Manche Campinglampen werben zusätzlich mit einer Powerbank-Funktion: Neben der Beleuchtung lässt sich damit auch das Smartphone laden. Klingt nach einem klaren Vorteil – ist aber technisch ein Kompromiss, den es sich lohnt zu verstehen, bevor du dich dafür entscheidest.

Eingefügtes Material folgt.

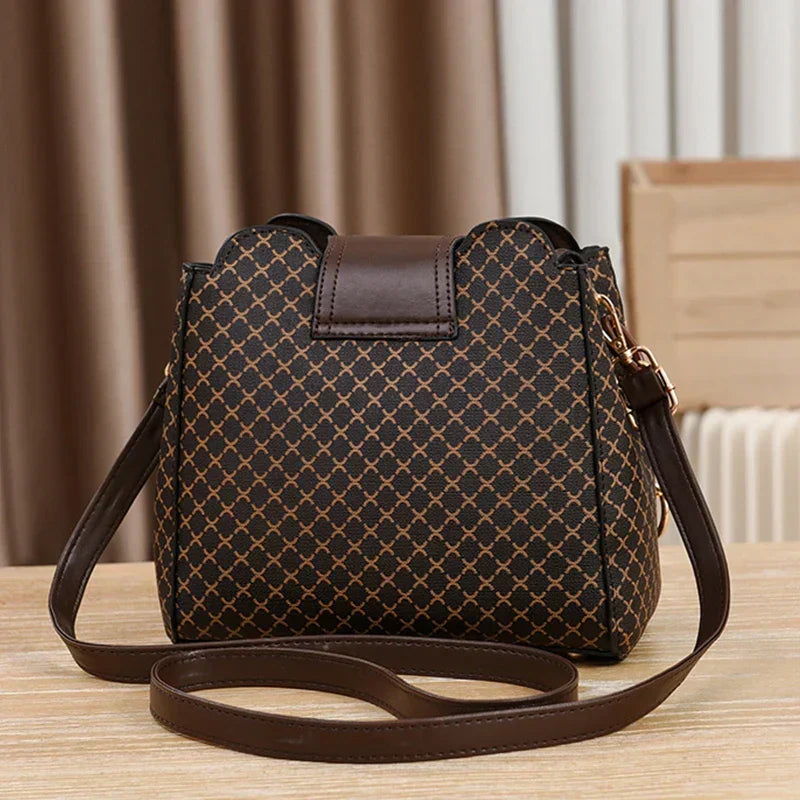 Elise & Sons – Charm Bag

Wie funktioniert die Powerbank-Funktion?

Technisch besitzt die Lampe zusätzlich zum Beleuchtungsteil einen USB-Ausgang, über den sich der interne Akku zum Laden externer Geräte anzapfen lässt. Es handelt sich also nicht um zwei getrennte Energiequellen, sondern um dieselbe Batterie, die beide Funktionen versorgt.

Der gemeinsame Akku ist der entscheidende Punkt

Die Energie für Licht und für das Laden externer Geräte stammt aus demselben Akku. Wer sein Smartphone über die Lampe lädt, reduziert damit die Energiemenge, die anschließend noch für die Beleuchtung zur Verfügung steht – und umgekehrt. Wie viele Ladungen konkret möglich sind, hängt von der Akkukapazität des jeweiligen Modells sowie vom Energiebedarf des zu ladenden Geräts ab; das lässt sich nicht pauschal berechnen und sollte anhand der Herstellerangaben zum jeweiligen Modell eingeschätzt werden.

Wann die Kombination praktisch ist

Sinnvoll ist die Doppelfunktion vor allem dann, wenn du ohnehin Gepäck sparen willst und nur einen gelegentlichen, kleinen Ladebedarf hast – etwa ein kurzes Nachladen des Smartphones am Abend. Ein Gerät statt zwei bedeutet weniger Gewicht und weniger Dinge, die im Rucksack verloren gehen können.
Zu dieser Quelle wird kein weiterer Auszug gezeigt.